Task to complete:
From the line containing "Gráfico de baloncesto" down to the final line of the entries below, quote every line verbatim. Exclude pictures.
--- START ---
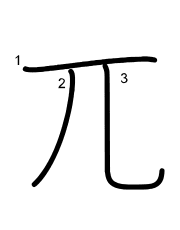 Thứ tự nét chữ 兀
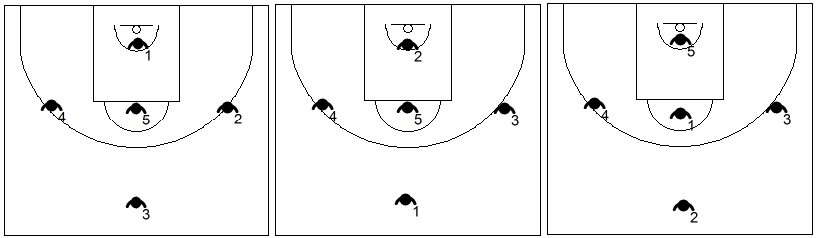 Gráfico de baloncesto que recoge diferentes visiones de la zona 1-3-1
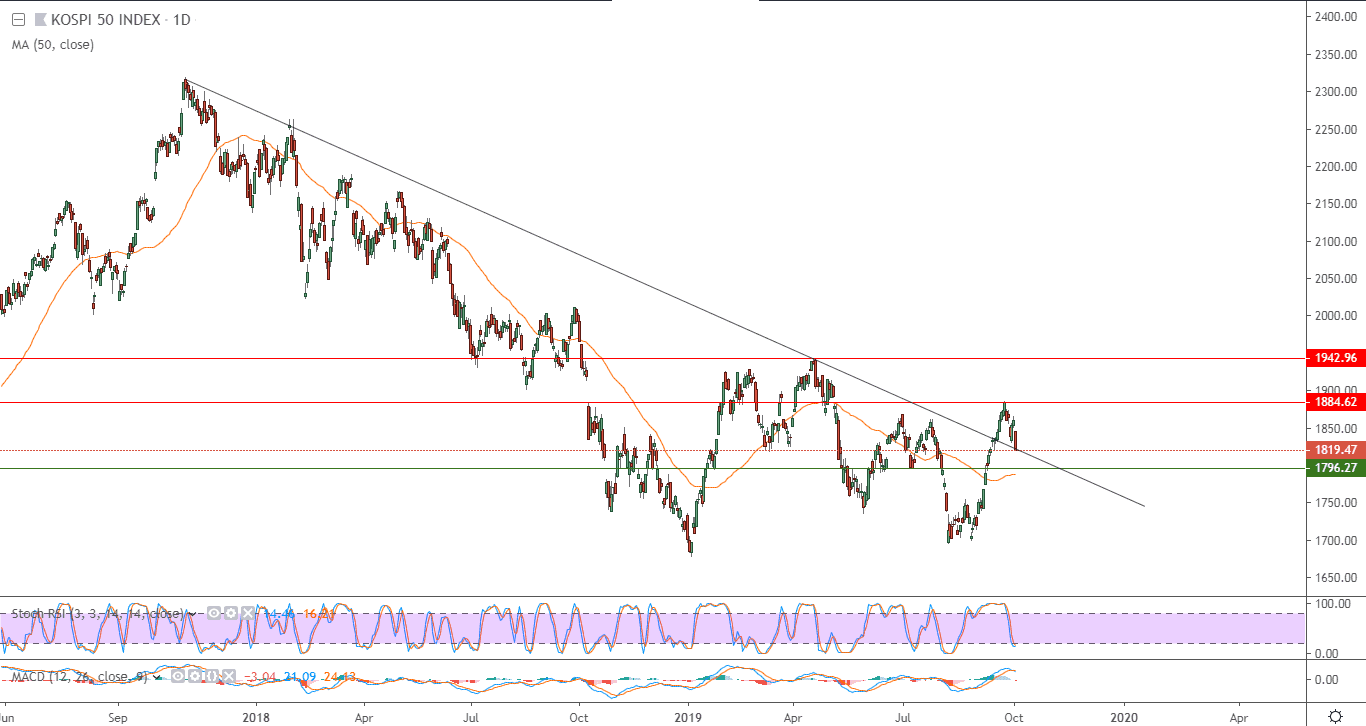 الرسم البياني لمؤشر كوسبي 50 بكوريا الجنوبية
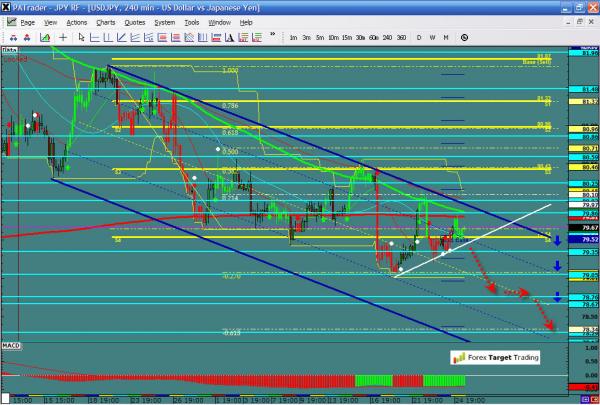 usdjpy-ws1-22.jpg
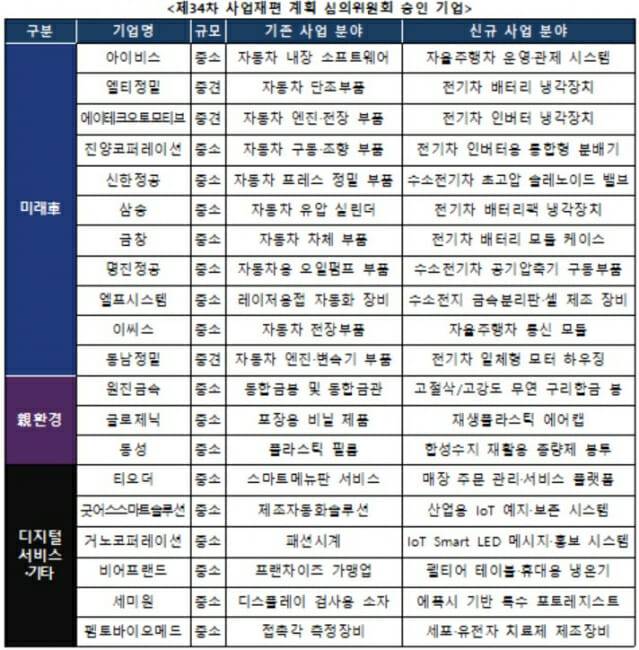자료: 산업통상자원부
--- END ---
Output of the task:
 Gráfico de baloncesto que recoge diferentes visiones de la zona 1-3-1
 الرسم البياني لمؤشر كوسبي 50 بكوريا الجنوبية
 usdjpy-ws1-22.jpg
자료: 산업통상자원부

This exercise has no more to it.